O melhor não-golo da história

1970, 7 de Junho. Guadalajara, México. Primeiros minutos de um Brasil-Inglaterra, a contar ainda para a primeira fase do Mundial. Ex-campeão do mundo contra campeão do mundo em título. Tese e antítese. Yin e Yang. Que se atraem e repelem. Movimento contínuo entre dois pólos. Negativo e positivo. O fabuloso Jairzinho corre pela direita, ameaçando as anti-aéreas britânicas. Olha e vê Pelé. Pelé olha e vê Jairzinho. O cruzamento sai poeticamente perfeito, limpo, sem espinhas, fazendo ângulo de 90 graus com o círculo de cal que marca o penalty. Um inglês salta, Pelé fica bem mais perto dos deuses. Pára no ar. Sente-se o poder do semi-deus, as nuvens podiam queixar-se em trovões que ninguém ficaria surpreendido.
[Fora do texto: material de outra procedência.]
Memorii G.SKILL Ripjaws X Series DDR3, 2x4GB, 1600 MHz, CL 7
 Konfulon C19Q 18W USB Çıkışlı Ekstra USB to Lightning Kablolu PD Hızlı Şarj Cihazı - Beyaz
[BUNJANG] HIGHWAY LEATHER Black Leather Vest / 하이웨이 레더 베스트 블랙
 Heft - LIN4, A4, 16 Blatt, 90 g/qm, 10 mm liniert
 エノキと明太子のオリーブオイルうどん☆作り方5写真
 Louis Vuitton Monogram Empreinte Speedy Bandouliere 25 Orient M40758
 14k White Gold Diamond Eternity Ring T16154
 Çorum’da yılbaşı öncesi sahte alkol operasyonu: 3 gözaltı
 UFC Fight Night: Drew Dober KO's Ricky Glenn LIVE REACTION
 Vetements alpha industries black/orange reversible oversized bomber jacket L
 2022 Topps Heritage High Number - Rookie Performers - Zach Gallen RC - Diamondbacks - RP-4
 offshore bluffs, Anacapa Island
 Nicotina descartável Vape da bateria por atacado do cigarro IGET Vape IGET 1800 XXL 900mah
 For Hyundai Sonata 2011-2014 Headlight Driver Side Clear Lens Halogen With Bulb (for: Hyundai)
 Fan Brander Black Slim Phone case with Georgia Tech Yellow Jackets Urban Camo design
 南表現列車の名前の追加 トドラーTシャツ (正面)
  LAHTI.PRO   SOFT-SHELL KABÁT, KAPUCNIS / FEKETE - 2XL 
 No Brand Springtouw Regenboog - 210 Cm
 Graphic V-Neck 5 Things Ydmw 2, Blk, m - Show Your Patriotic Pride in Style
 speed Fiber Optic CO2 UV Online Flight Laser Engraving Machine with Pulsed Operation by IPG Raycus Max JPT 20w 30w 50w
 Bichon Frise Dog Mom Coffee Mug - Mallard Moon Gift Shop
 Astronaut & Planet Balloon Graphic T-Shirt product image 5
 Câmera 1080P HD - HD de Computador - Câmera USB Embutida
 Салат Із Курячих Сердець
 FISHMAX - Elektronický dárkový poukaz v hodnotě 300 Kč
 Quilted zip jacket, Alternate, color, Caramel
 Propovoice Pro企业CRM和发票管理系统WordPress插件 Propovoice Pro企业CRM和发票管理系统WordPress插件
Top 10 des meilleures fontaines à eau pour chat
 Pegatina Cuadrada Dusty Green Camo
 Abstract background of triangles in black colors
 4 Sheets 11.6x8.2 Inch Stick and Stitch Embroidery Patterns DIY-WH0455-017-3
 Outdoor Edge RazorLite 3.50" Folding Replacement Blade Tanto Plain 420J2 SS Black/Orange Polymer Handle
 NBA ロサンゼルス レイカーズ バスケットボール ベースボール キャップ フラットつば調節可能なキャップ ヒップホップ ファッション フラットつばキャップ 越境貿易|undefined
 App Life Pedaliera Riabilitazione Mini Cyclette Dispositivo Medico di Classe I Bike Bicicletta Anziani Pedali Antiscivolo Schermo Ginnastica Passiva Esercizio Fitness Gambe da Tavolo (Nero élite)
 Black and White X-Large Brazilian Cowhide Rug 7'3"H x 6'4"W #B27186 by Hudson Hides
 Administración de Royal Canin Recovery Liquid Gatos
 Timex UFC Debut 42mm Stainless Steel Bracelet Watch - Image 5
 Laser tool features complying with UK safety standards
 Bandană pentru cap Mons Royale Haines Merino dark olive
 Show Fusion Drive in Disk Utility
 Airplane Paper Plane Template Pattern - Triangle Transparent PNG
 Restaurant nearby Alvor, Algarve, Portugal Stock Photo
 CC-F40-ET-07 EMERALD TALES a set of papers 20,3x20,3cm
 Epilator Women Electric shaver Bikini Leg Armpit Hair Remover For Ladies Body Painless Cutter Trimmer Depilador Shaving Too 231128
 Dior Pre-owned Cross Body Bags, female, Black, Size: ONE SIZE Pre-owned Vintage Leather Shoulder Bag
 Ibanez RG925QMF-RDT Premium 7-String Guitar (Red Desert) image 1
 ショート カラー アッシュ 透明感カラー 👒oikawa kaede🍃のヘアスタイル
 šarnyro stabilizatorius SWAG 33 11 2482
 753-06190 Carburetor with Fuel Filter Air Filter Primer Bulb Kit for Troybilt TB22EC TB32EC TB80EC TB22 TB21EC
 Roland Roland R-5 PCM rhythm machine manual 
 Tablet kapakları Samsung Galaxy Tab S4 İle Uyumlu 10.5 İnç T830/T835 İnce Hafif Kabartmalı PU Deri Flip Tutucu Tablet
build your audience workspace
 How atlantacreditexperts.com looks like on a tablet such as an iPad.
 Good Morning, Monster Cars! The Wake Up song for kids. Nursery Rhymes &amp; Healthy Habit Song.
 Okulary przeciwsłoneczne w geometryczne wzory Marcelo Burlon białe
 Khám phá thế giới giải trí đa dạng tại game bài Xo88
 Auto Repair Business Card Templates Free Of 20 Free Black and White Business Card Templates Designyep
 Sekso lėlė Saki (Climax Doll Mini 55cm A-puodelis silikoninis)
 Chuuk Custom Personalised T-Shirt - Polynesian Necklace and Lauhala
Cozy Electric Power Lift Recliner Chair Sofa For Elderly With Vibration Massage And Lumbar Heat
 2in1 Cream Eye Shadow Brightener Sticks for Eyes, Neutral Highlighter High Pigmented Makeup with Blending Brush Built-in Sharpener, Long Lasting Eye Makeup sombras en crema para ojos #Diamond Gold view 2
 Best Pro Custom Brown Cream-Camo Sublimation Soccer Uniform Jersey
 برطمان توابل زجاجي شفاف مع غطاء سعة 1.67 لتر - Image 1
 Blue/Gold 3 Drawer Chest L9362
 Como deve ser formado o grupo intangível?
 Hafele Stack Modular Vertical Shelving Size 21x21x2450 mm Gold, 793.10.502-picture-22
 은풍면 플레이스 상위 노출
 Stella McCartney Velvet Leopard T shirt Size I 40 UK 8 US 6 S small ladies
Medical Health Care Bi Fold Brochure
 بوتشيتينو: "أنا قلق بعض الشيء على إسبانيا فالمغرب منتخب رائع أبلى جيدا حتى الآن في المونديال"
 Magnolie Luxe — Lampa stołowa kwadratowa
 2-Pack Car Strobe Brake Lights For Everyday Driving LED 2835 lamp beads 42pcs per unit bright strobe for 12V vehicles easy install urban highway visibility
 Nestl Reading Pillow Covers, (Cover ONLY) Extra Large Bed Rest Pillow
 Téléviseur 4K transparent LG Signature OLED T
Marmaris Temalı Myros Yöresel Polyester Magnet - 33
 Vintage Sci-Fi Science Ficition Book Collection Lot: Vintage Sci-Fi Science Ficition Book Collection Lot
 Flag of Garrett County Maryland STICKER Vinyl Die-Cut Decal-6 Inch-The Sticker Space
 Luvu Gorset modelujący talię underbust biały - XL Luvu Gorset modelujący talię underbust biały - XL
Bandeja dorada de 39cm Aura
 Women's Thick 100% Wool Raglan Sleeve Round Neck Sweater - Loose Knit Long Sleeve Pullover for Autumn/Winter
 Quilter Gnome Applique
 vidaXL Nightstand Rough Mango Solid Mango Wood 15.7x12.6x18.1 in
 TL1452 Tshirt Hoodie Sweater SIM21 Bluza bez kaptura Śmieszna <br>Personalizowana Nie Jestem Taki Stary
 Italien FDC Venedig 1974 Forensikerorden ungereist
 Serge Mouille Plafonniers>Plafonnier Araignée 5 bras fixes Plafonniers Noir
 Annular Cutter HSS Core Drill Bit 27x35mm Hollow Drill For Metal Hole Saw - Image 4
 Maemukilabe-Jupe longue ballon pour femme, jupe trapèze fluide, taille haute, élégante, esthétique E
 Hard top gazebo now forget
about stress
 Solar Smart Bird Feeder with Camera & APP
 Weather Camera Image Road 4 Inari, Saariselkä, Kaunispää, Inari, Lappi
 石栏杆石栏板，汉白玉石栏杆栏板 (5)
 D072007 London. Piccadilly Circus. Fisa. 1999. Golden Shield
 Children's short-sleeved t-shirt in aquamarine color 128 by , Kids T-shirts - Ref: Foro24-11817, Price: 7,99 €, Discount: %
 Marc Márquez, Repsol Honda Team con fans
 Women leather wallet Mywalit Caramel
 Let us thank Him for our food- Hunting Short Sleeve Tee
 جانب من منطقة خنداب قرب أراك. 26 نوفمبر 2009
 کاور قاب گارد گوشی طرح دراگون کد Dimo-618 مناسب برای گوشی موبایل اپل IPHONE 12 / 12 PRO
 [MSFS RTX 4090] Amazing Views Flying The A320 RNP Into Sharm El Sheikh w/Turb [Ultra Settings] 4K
O movimento dos bracos do "rei" prepara a fatalidade, a catarse.

O coro já canta a tragédia, quando a cabeça coroada do 10 brasileiro traz a bola ainda mais para baixo, até bater na relva à frente do guarda-redes inglês. Morde-se a palavra gol como se fosse algo colocado na nossa boca para resistir à tortura. Gordon Banks voa, ninguém acredita. Os resultados e soluções encontram-se com equações e algoritmos, e no campo não há quem tenha tempo ou cabeça para os fazer. O inglês suspende-se no ar. E mergulha. Para o lado direito. A mão direita viaja em colher, em raquete. A bola. A mão. Tocam-se. Banks cai e o golo transforma-se no seu negativo, na continuidade. Até a trave parece surpreendida quando o couro lhe passa por cima. A perfeição.

Pode uma jogada que não seja feliz tornar-se maior do que todas as outras? Um guarda-redes provou-o. Se é à perfeição que a humanidade aspira, nada houve mais perfeito sobre a relva. Mas o futebol é injusto. Ninguém consegue pôr no mesmo patamar os golos de Carlos Alberto, Maradona e esta defesa de Banks. Porque o jogo não admite que tudo seja perfeito. Para que uns sejam melhores, outros devem ser piores. Para que um seja feliz, outro tem de ser infeliz. Talvez os deuses tenham conspirado para o que aconteceu depois. Em 1972, um acidente de automóvel atirou Banks para fora dos relvados. Com um profundo corte na zona do olho. Tentou voltar em 1973, mas já não era o mesmo. Enfim, a vida não é perfeita. Mas nunca devia castigar os audazes.